The development of English has a pre-eminent place in education and in society in order for children to achieve well academically and in the wider aspects of life. A high-quality education in English teaches pupils to speak and write fluently so that they can communicate their ideas and emotions to others, and through their reading and listening, others can communicate with them. Reading enables pupils have a chance to develop culturally, emotionally, intellectually, socially and spiritually – literature, especially, plays a key role in such development. Reading also enables pupils both to acquire knowledge and to build on what they already know. All the skills of language are essential to participating fully as a member of society; pupils who do not learn to speak, read and write fluently and confidently are effectively disenfranchised. At Yorke Mead we recognise that the skills in English are interlinked, and also that strength in English will enable children to achieve across all other subjects too.
We believe that it is important for all children to express themselves clearly and confidently in speech and that this has a strong impact on their learning across the curriculum. In the early Years we emphasise role-play, exploration of sounds, the learning of nursery rhymes and retelling of stories. We continue with role-play areas in Key Stage 1 and develop the use of drama in all age groups. As children grow older they develop skills with activities such as performing plays, presenting reports to camera and debating in school council. Throughout the curriculum there is an emphasis on giving oral explanations to show understanding.

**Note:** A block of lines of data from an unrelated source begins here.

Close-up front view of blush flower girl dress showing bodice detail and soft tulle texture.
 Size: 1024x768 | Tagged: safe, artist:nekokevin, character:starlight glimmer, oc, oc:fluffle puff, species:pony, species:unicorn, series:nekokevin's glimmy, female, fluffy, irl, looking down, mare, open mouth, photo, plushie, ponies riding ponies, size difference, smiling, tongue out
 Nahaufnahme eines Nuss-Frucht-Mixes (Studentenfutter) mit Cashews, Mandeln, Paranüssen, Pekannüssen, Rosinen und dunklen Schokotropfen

Children also need to be able to listen with full concentration to adults in school and to each other. In the classroom and in assembly discussions children are encouraged to contribute their ideas and to listen and respond to the ideas of others. All Key Stage 1 and Key Stage 2 classrooms have Sound field systems to support partially hearing pupils and these make listening easier in whole class activities for all the children.
Reading at Yorke Mead builds from the children’s phonics skills. We use the Little Wandle synthetic phonics programme to deliver phonics daily throughout the Early Years and Key Stage One. Children who do not develop the phonics knowledge to read fluently continue with the Little Wandle scheme into Key Stage Two. Children are supported to develop the skills of segmenting and blending sounds to read words as soon as they begin to read letter sounds. Reading practise is built into the daily routine. All children are encouraged to take home books to read or to share with an adult. Each class has a reading area with a library and access to the school library.
Initially books are phonics based to ensure children have the skills and knowledge to be able to decode the words. Books are also made available online linked to the Little Wandle programme. In Early Years and Key Stage One the children have a home-school reading diary to share with an adult at home. Key Stage Two children are expected to record their reading in their diaries themselves and to carry out regular book reviews. Each year we organise an author week and celebrate World Book Day, and there will be several book swap days throughout the year to enable children to have access to new books. We also encourage interest in reading through book teasers which introduce a new book every month.
Children can also enjoy and experience new books being read to them; teachers read to their class daily. Years 1, 2 and 3 are paired with years 4, 5 and 6 for partner reading on a monthly basis. We are also fortunate to have a well-established system of adult volunteer helpers who will hear children read.
We encourage children to write freely from the time they start Nursery, starting with emergent writing. Children use their phonics skills to learn to write the sounds they can hear in words. They will also be directly taught tricky words and common words. They learn how to write for different purposes including writing instructions, reports, letters, poems, diaries and imaginative stories. Sometimes work will be word-processed. Finished writing may be presented as a booklet, in a class book or as part of a display as well as in the children’s individual exercise books.
Handwriting, spelling, grammar and punctuation are taught as specific discrete skills as well as applied throughout the curriculum. Children are encouraged to write in a fluent, joined style from the start and there is a strong emphasis on using their phonics to support spelling. To encourage the children to develop neat joined handwriting we have a system of certificates that the children earn which lead to their ‘pen license’.
Spelling is taught systematically alongside children’s phonic skills initially and then with the focus on learning the spelling ‘rules’. We encourage children to initially use emergent writing techniques to spell words, using their phonics, and as children become more confident formal spelling tests are introduced. This will usually be during Year 1 sometime.
Spellings are taught in line with the National Curriculum phonic and spelling expectations for the age group. Children may choose to tackle 5, 10 or 15 of these spellings each week depending on the level of challenge the spelling pattern presents to them.